Climate change, Chamberlain, Niemoller and Pascal.


This post follows on from the two that went before. It would be best to read those first.

There are still those who deny climate change: we are in the midst of a natural climate cycle, they tell us. Well, every year in this century has been warmer than all but one in the last, 1998. Given that I've yet to hear anyone who denies climate change saying that human activity has made no difference, then if we were in the middle of a natural warming cycle I can't see the argument that we have nothing to worry about because our actions must still be exaccerbating the effects of any warming cycle. That doesn't let us off the hook as some would argue. In fact it changes nothing for the Theist because we still have the God given injunction to care for the planet. Doing nothing - even if the sceptics are right, and the world is warming because that's what it does periodically - is not an option. The planet is warming. Does it matter why when we need to do what we can to counter the effects? Or starve: "Consumption of the four staples that supply most human calories — wheat, rice, corn and soybeans — has outstripped production for much of the past decade, drawing once-large stockpiles down to worrisome levels. The imbalance between supply and demand has resulted in two huge spikes in international grain prices since 2007, with some grains more than doubling in cost.

Those price jumps, though felt only moderately in the West, have worsened hunger for tens of millions of poor people, destabilizing politics in scores of countries, from Mexico to Uzbekistan to Yemen. The Haitian government was ousted in 2008 amid food riots, and anger over high prices has played a role in the recent Arab uprisings.

Now, the latest scientific research suggests that a previously discounted factor is helping to destabilize the food system: climate change." (A Warming Planet Struggles to Feed Itself - New York Times)

This is the point at which the two sides part company because the deniers fall back on the economic argument. Why try to make a difference when "thousands of (American) jobs" will be lost in a competative world market?

This economic argument is already looking frayed around the edges. Today's Observer newspaper gives us an excellent example of the faulty nature of the economic argument. "In 2006, Mozambique was refused a request for £2m from the international community to improve its flood defences. A year later, after severe flooding, more than £60m in post - disaster aid was granted." Still, it's Africa: they don't know how to look after themselves there. It's third world. They're used to poverty and disaster.

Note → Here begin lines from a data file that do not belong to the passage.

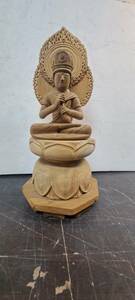 木彫り仏 【2202S】仏像 木彫り 手彫りで製作された仏像です 彫刻 現状品 長期保管品 高さ40㎝横18㎝となります。【仏壇の心】置物 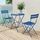 Grand patio Bistro Set 3 Stück, Gartenmöbel Set, Sitzgruppe 2 Stühle und 1 Tisch, Premium Stahl, Klappbar, Balkonset für Hof, Garten, draussen (Pfauenblau#1)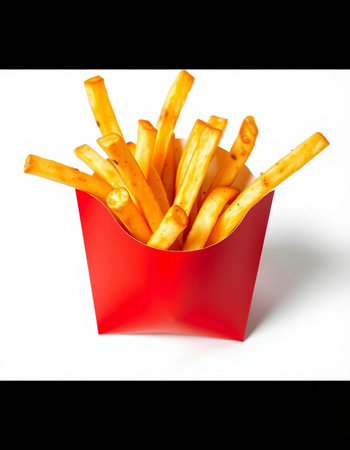French fries in a red box on a black and white background.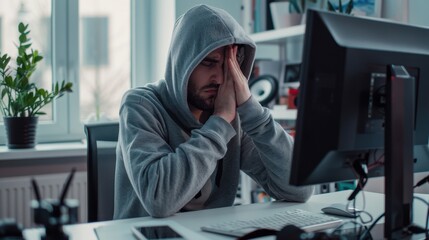 Wall Mural - The stressed man in hoodie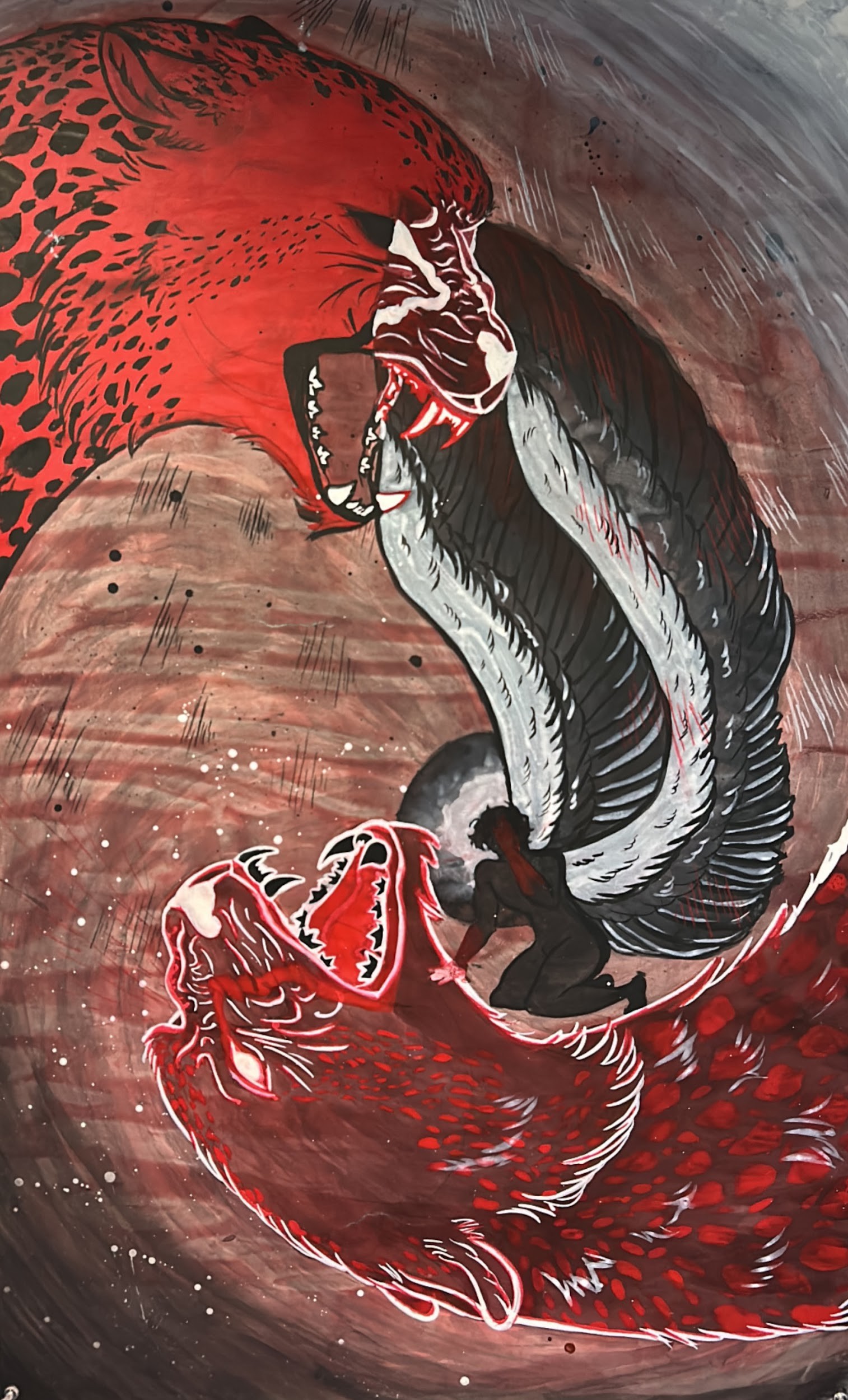 Acrylic Ink Drawing of two cheetahs and an angellic being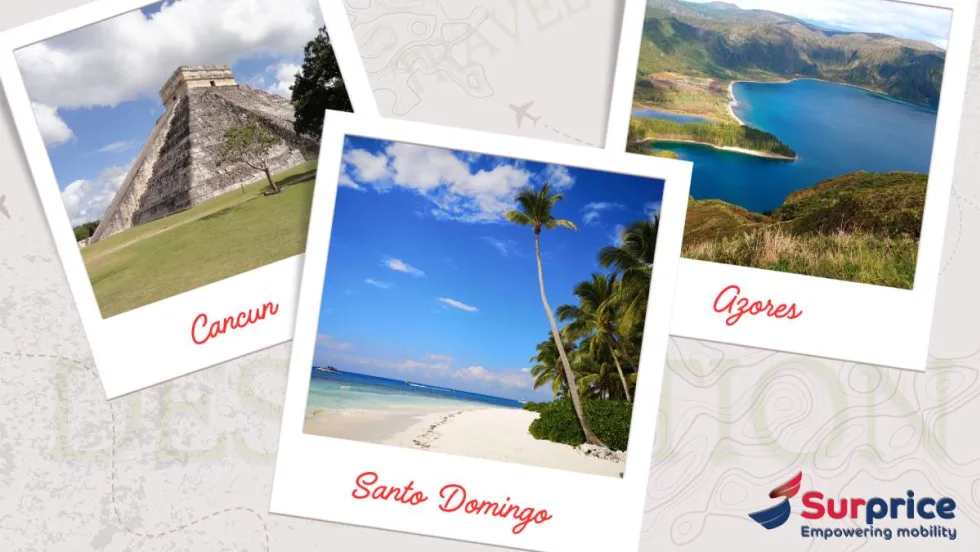 Photos of scenery in Cancun, Santo Domingo, and Azores.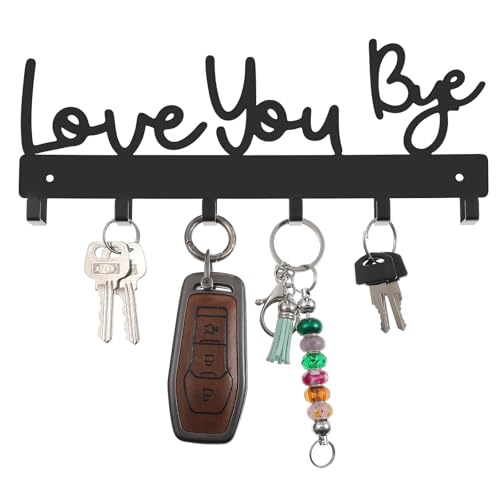 Key Holder Wall Mount, Large 'Love You.Bye' Entryway Organizer with 5 Hooks,Black Metal Key Hanger —No Drill Adhesive for Home Wall Decor（Type 2）
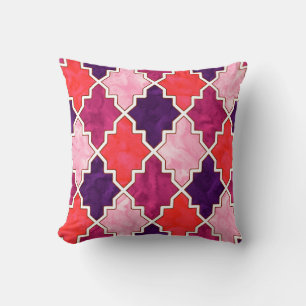Royal Colourful Tissue Quatrefoil Moroccan Art 2 Cushion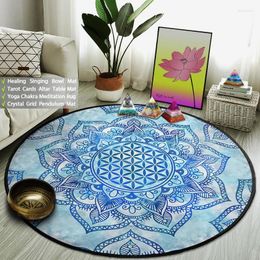 Tapijten blauw/goud/groene boho mandala ronde vloerkleed bloem van leven yoga meditatiemat reiki genezing magie cirkel tapijtkussen dik non-slip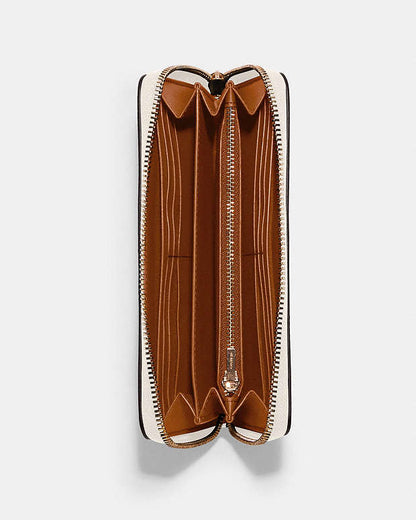Long Zip Around Wallet Pebbled Leather-Gold-Chalk Pebbled Leather-Gold-Chalk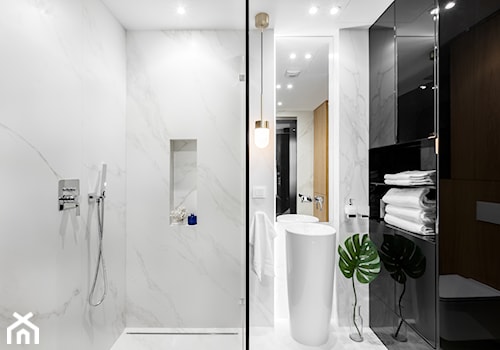 Mała na poddaszu bez okna z lustrem z marmurową podłogą łazienka, styl minimalistyczny - zdjęcie od Finchstudio Architektura Wnętrz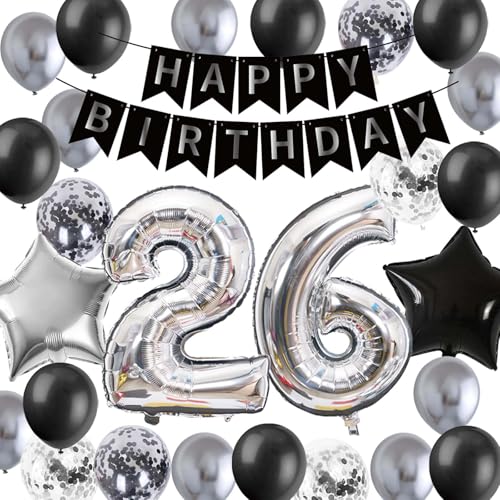 26. Geburtstag Dekorationen für, Schwarz 26. Geburtstag Banner Silber Stern Folienballons Metallic Silber Latex Konfetti Geburtstag Ballons für Männer Ihn 26 Jahre alt Geburtstag Supplies (26. von Fechy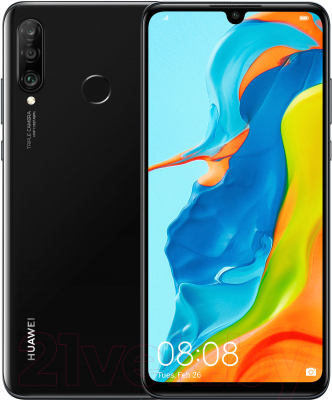 Смартфон Huawei P30 Lite 256GB (MAR-LX1B) (полночный черный)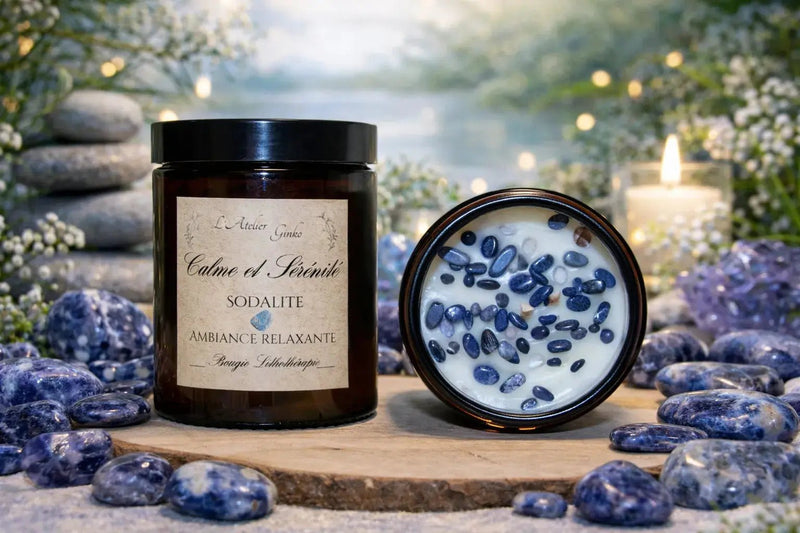 Bougie Lithothérapie parfumée Calme et Sérénité - L'Atelier Ginko - Boutique en Ligne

This approach puts me in mind of Neville Chamberlain's famous quote following the German invasion of Czeckoslovakia. "A far away country of which we know little." -and cared about, presumably, less.

Then we have Pastor Niemoller's famous words "In Germany they came first for the Communists, and I didn't speak up because I wasn't a Communist. Then they came for the Jews, and I didn't speak up because I wasn't a Jew. Then they came for the trade unionists, and I didn't speak up because I wasn't a trade unionist. Then they came for the Catholics, and I didn't speak up because I was a Protestant. Then they came for me, and by that time no one was left to speak up." Is it our intention in the rich First World to simply ignore the plight of the poor in the Third World because they live in "far away" countries of which we know - and apparently care - little until we are the last ones left by which time it will be too, too late? That seems like the current strategy. It'll ruin our economy (America, Australia, China, India, Russia etc). Me first. Me first. Self interst. Never mind anyone else. Not putting the technology available to us now in place is a false economy because it will cost us more in the long term by which the chances of success will be the more limited.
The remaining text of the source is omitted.